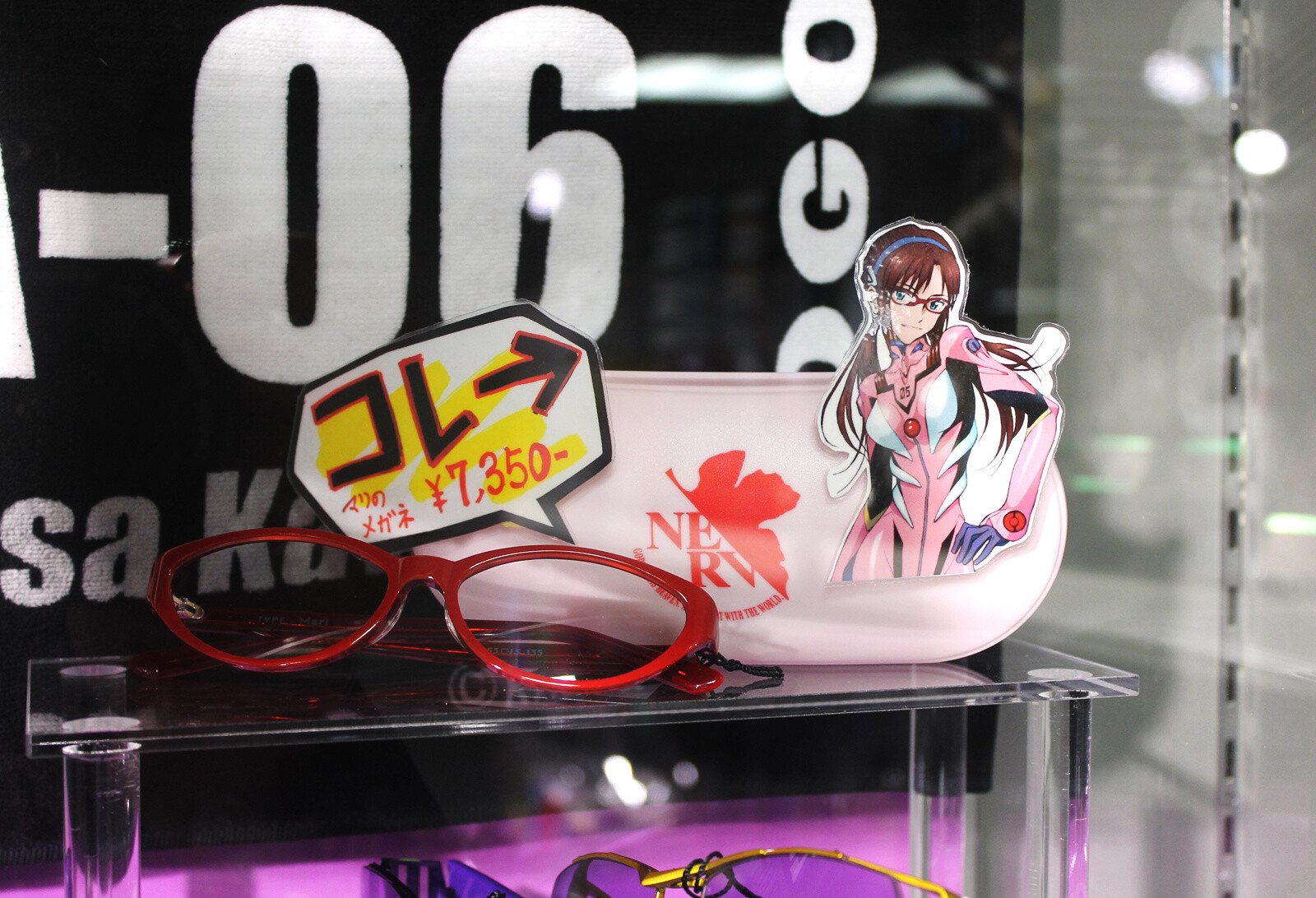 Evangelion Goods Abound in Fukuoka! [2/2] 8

...

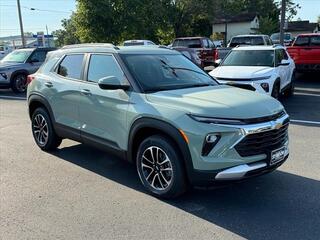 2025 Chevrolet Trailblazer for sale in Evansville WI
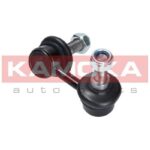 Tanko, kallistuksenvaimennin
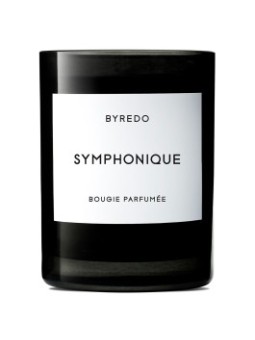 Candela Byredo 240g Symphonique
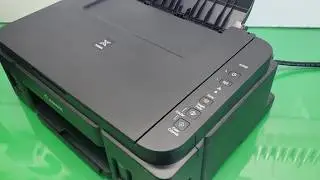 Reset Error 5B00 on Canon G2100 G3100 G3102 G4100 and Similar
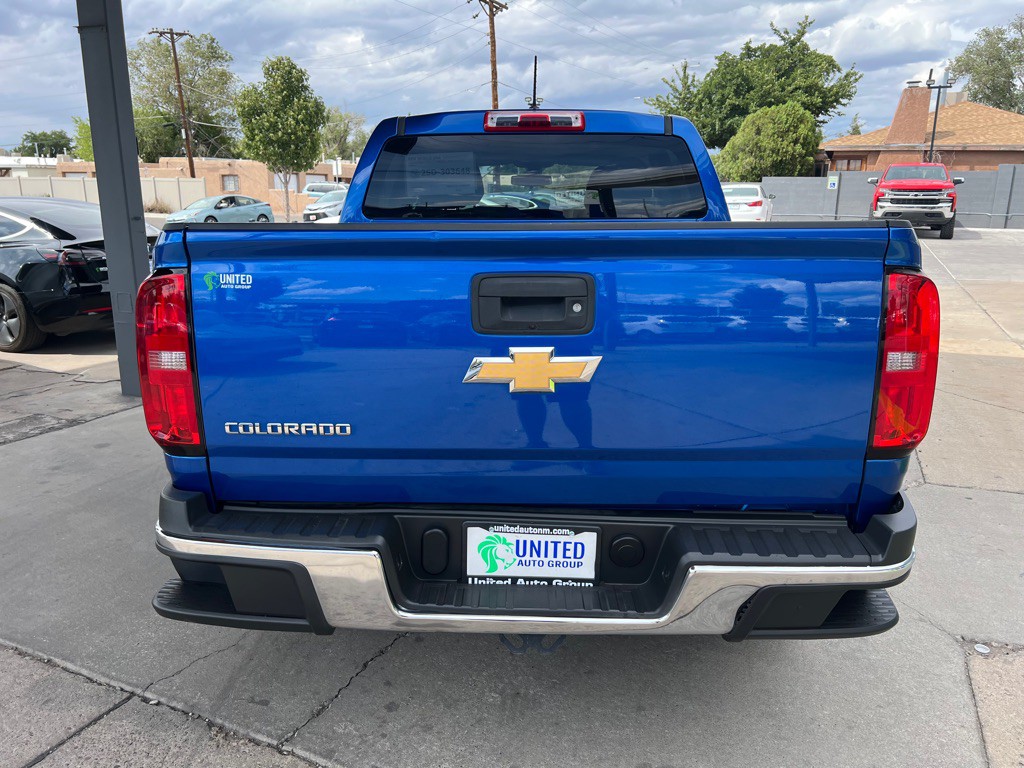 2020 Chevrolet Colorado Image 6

_Task directions_. Work from the entries above. Set down exactly and only the lines from the line with "Reset Error 5B00" to the line with "2020 Chevrolet Colorado Image 6", both included, and leave the pictures out.

_Reply to the task_.
 Reset Error 5B00 on Canon G2100 G3100 G3102 G4100 and Similar
 2020 Chevrolet Colorado Image 6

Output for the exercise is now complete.